■ **STUDY MATERIAL**:
◆ ◆ ◆ ◆

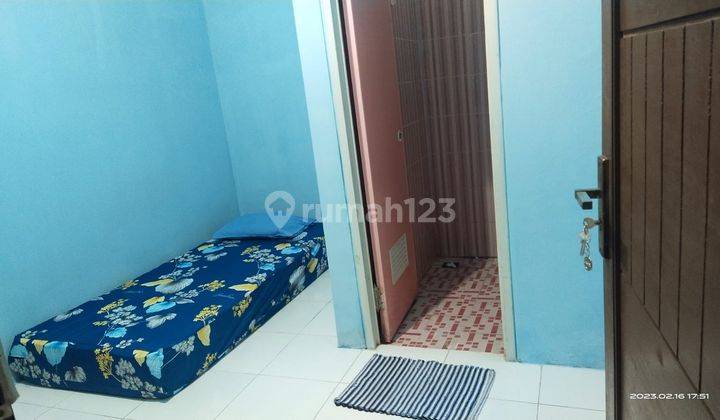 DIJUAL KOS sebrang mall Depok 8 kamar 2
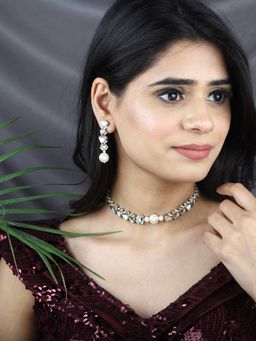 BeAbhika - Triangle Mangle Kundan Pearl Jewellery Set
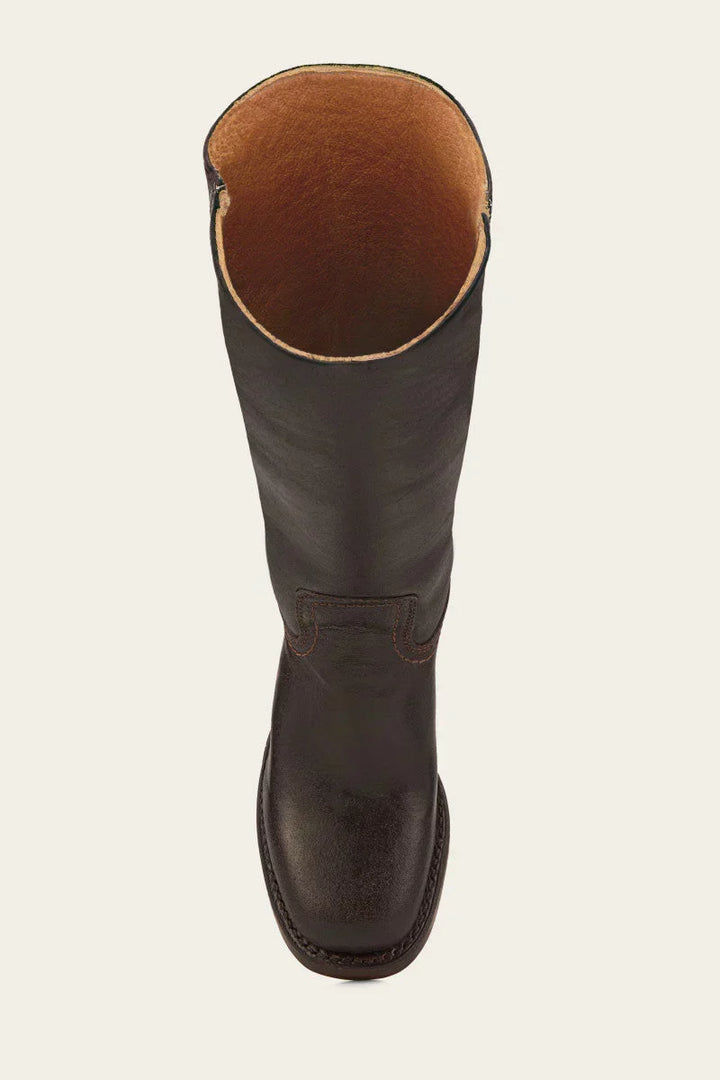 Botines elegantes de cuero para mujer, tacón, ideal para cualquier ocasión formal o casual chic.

◆ ◆ ◆ ◆

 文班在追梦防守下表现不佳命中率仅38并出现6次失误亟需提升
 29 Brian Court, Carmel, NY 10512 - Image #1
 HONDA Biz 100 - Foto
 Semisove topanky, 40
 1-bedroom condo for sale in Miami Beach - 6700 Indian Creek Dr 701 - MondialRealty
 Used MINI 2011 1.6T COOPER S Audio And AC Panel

◆ ◆ ◆ ◆

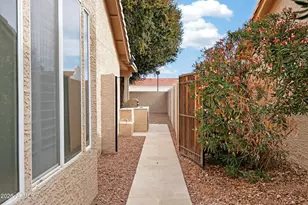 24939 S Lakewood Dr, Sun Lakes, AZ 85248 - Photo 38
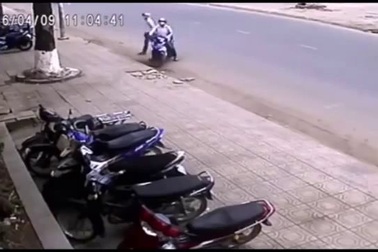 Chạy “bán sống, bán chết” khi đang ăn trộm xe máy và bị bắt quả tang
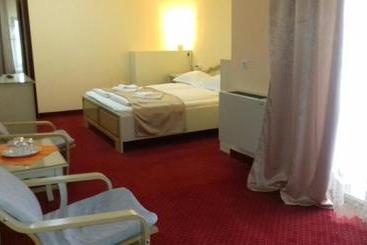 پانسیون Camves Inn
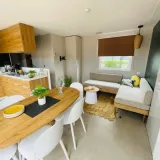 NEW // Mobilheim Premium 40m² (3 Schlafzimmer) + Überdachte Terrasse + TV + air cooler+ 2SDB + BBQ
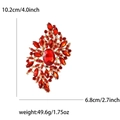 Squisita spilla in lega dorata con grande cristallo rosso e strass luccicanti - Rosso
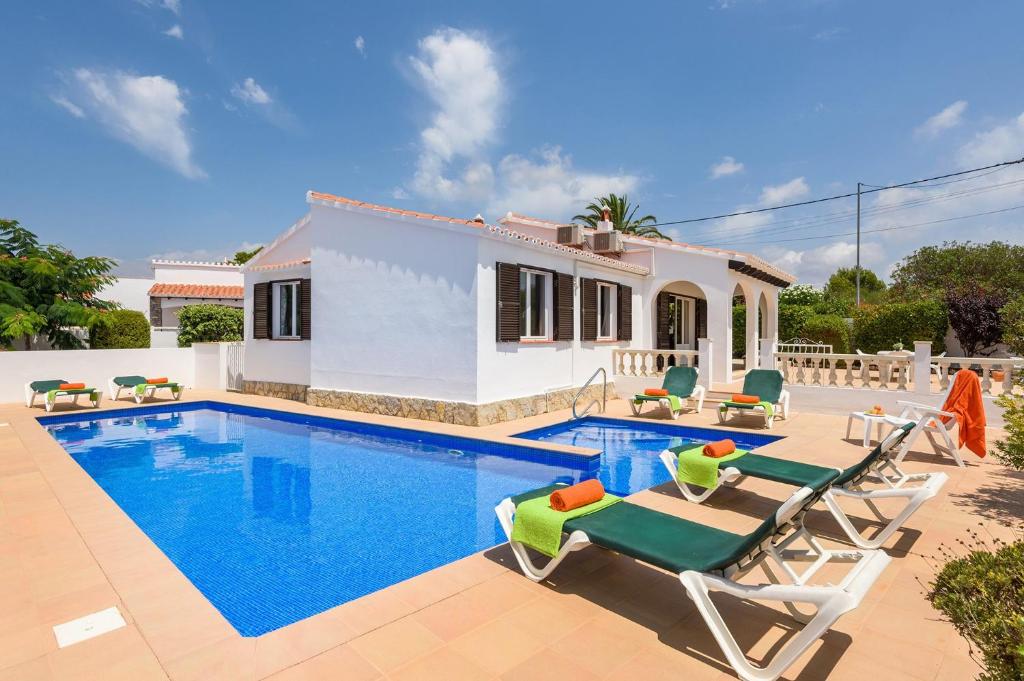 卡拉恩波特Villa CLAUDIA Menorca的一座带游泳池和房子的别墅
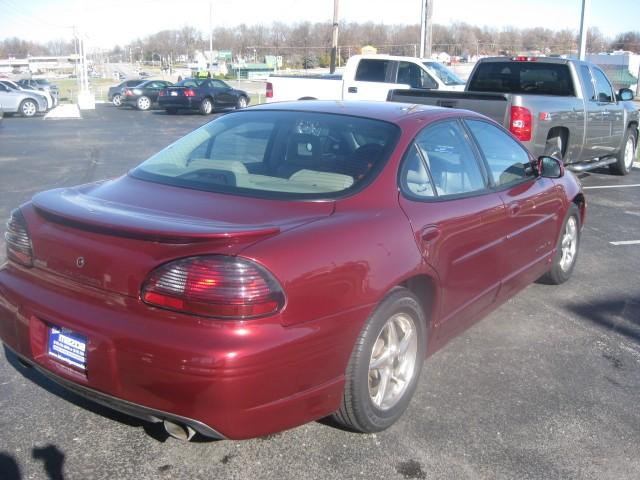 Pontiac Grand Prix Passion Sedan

◆ ◆ ◆ ◆

■ **EXERCISE**:
Skipping every picture, transcribe exactly the lines above from the one containing "bắt quả tang" through the one containing "Pontiac Grand Prix Passion Sedan", both included.

■ **ANSWER SPACE**:
 Chạy “bán sống, bán chết” khi đang ăn trộm xe máy và bị bắt quả tang
 پانسیون Camves Inn
 NEW // Mobilheim Premium 40m² (3 Schlafzimmer) + Überdachte Terrasse + TV + air cooler+ 2SDB + BBQ
 Squisita spilla in lega dorata con grande cristallo rosso e strass luccicanti - Rosso
 卡拉恩波特Villa CLAUDIA Menorca的一座带游泳池和房子的别墅
 Pontiac Grand Prix Passion Sedan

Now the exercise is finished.